→ **TASK TO COMPLETE**
The data below needs to be returned exactly, line for line.

+++ EXTRACTED MATERIAL

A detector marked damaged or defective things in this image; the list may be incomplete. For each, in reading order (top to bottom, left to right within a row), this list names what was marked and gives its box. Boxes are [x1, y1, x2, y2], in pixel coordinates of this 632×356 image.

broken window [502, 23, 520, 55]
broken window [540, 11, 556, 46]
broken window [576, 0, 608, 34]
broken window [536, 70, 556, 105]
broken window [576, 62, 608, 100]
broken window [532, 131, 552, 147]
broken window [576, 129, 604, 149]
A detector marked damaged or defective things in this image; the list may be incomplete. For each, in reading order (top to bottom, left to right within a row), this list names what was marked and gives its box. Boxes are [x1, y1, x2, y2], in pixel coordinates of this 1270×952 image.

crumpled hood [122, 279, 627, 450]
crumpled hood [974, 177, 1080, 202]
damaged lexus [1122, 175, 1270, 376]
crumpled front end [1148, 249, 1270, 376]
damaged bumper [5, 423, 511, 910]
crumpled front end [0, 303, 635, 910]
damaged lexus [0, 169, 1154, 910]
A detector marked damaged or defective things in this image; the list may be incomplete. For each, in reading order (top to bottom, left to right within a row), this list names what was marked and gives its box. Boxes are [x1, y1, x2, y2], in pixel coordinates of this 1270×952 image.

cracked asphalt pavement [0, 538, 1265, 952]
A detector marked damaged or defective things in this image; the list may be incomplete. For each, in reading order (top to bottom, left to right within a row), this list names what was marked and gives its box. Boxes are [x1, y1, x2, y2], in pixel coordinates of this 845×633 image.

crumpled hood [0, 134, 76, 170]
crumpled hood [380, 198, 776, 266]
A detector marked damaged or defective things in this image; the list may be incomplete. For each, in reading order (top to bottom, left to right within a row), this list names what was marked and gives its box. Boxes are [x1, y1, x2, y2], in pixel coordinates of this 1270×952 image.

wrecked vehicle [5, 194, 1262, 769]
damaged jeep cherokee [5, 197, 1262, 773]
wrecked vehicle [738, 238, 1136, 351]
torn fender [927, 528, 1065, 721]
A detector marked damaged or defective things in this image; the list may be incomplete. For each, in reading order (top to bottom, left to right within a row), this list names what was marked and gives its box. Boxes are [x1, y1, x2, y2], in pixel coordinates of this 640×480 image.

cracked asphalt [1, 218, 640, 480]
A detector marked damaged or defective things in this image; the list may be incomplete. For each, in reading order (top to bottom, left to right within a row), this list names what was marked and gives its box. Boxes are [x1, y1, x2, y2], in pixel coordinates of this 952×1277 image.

++++++

→ **YOUR RESPONSE**
A detector marked damaged or defective things in this image; the list may be incomplete. For each, in reading order (top to bottom, left to right within a row), this list names what was marked and gives its box. Boxes are [x1, y1, x2, y2], in pixel coordinates of this 632×356 image.

broken window [502, 23, 520, 55]
broken window [540, 11, 556, 46]
broken window [576, 0, 608, 34]
broken window [536, 70, 556, 105]
broken window [576, 62, 608, 100]
broken window [532, 131, 552, 147]
broken window [576, 129, 604, 149]
A detector marked damaged or defective things in this image; the list may be incomplete. For each, in reading order (top to bottom, left to right within a row), this list names what was marked and gives its box. Boxes are [x1, y1, x2, y2], in pixel coordinates of this 1270×952 image.

crumpled hood [122, 279, 627, 450]
crumpled hood [974, 177, 1080, 202]
damaged lexus [1122, 175, 1270, 376]
crumpled front end [1148, 249, 1270, 376]
damaged bumper [5, 423, 511, 910]
crumpled front end [0, 303, 635, 910]
damaged lexus [0, 169, 1154, 910]
A detector marked damaged or defective things in this image; the list may be incomplete. For each, in reading order (top to bottom, left to right within a row), this list names what was marked and gives its box. Boxes are [x1, y1, x2, y2], in pixel coordinates of this 1270×952 image.

cracked asphalt pavement [0, 538, 1265, 952]
A detector marked damaged or defective things in this image; the list may be incomplete. For each, in reading order (top to bottom, left to right within a row), this list names what was marked and gives its box. Boxes are [x1, y1, x2, y2], in pixel coordinates of this 845×633 image.

crumpled hood [0, 134, 76, 170]
crumpled hood [380, 198, 776, 266]
A detector marked damaged or defective things in this image; the list may be incomplete. For each, in reading order (top to bottom, left to right within a row), this list names what was marked and gives its box. Boxes are [x1, y1, x2, y2], in pixel coordinates of this 1270×952 image.

wrecked vehicle [5, 194, 1262, 769]
damaged jeep cherokee [5, 197, 1262, 773]
wrecked vehicle [738, 238, 1136, 351]
torn fender [927, 528, 1065, 721]
A detector marked damaged or defective things in this image; the list may be incomplete. For each, in reading order (top to bottom, left to right within a row), this list names what was marked and gives its box. Boxes are [x1, y1, x2, y2], in pixel coordinates of this 640×480 image.

cracked asphalt [1, 218, 640, 480]
A detector marked damaged or defective things in this image; the list may be incomplete. For each, in reading order (top to bottom, left to right within a row), this list names what was marked and gives its box. Boxes are [x1, y1, x2, y2], in pixel coordinates of this 952×1277 image.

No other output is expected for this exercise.